Ecologies of Violence: A Conversation
When:
—
Venue:
Birkbeck 43 Gordon Square
Peltz Gallery warmly invites you to an in-conversation event and private view of the Ecologies of Violence exhibition, as part of Art History Festival 2025: Art & Nature. This exhibition of moving image works explores geographically and ecologically devastated areas deemed too hazardous for human habitation. The curator, archaeologist Esther Breithoff, will be joined by art and design historian Charlotte Ashby to discuss practice-led research, art history at Birkbeck and the research project leading to the exhibition.
Dr Esther Breithoff is Senior Lecturer in Contemporary Archaeology and Heritage at Birkbeck, University of London. She joined Birkbeck in 2019 after holding postdoctoral positions at UiT The Arctic University of Norway and the UCL Institute of Archaeology. Her research spans the fields of Contemporary Archaeology and Critical Heritage Studies and has ranged across a number of different topics—including war, natural and cultural heritage, nuclear and petroleum industries, dictatorships and biobanking—but traces a common set of interests in the relationships between conflicts, resources, recycling and rights across more-than-human worlds in the Anthropocene.
Dr Charlotte Ashby is Programme Director, Art History Certificate Programmes; School of Historical Studies at Birkbeck, University of London. Her research focuses on issues of nationalism, international exchange and modern identities in the nineteenth and twentieth centuries. Her work ranges over art, architecture and design and her areas of interest cover art journals, new art and changing cultures of display around 1900.
This event is part of Art History Festival 2025 organised by the Association for Art History.
Exhibition information:
ECOLOGIES OF VIOLENCE
3 October – 5 December, weekdays 10am - 8pm
Opening reception: 2 October, 6 - 8pm
Across diverse landscapes, conflict-ridden regions often become ‘exclusion’ or ‘red zones’: geographically and ecologically devastated areas deemed too hazardous for human habitation.

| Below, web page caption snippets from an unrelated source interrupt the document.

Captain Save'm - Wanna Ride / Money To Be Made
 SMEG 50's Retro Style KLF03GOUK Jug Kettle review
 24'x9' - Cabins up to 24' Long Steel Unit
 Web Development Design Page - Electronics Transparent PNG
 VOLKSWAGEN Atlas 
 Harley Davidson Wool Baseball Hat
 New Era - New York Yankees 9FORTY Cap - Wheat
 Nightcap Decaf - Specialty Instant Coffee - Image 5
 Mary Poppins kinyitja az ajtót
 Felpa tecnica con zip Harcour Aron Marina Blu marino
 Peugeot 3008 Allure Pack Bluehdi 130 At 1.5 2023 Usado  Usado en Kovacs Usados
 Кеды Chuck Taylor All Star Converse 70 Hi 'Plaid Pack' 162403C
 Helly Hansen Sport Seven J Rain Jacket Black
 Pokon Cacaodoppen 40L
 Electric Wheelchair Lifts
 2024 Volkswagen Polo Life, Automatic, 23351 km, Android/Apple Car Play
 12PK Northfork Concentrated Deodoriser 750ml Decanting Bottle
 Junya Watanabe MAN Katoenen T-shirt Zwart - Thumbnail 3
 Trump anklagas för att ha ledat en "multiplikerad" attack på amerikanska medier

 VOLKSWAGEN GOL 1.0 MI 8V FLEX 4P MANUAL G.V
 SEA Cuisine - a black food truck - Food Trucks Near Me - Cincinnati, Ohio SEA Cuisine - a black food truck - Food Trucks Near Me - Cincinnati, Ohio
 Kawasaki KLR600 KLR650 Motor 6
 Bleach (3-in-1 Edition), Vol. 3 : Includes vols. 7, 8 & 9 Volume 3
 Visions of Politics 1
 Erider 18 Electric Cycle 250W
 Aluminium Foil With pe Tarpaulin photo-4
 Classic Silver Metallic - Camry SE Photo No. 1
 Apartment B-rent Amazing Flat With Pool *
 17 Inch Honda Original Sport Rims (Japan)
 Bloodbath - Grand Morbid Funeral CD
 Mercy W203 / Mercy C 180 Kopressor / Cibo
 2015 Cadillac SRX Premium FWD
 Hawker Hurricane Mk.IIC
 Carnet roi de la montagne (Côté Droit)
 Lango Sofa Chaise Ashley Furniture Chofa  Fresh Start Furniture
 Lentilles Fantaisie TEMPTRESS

More than a century after the First World War, parts of Vimy Ridge on the old Western Front in France remain off limits to the public due to buried explosives, collapsing tunnels, and toxic residues. This now forested exclusion zone is a landscape shaped by human and more-than-human ecologies of violence. This exhibition features Zone Rouge / Red Zone: Back Forest Reflections, a film-poem using infrared footage, reflective surfaces, and ambient sound to evoke the layered histories of destruction and renewal. Together with 3D scans of the forest, Ecologies of Violence offers a glimpse into an otherwise inaccessible heritage site where nature and conflict are deeply entangled.
This project presents research carried out as part of the UKRI FLF ‘Ecologies of Violence: Heritage and Conflict in More-Than-Human Worlds’, led by Dr Esther Breithoff and supported by Dr Matthew Leonard.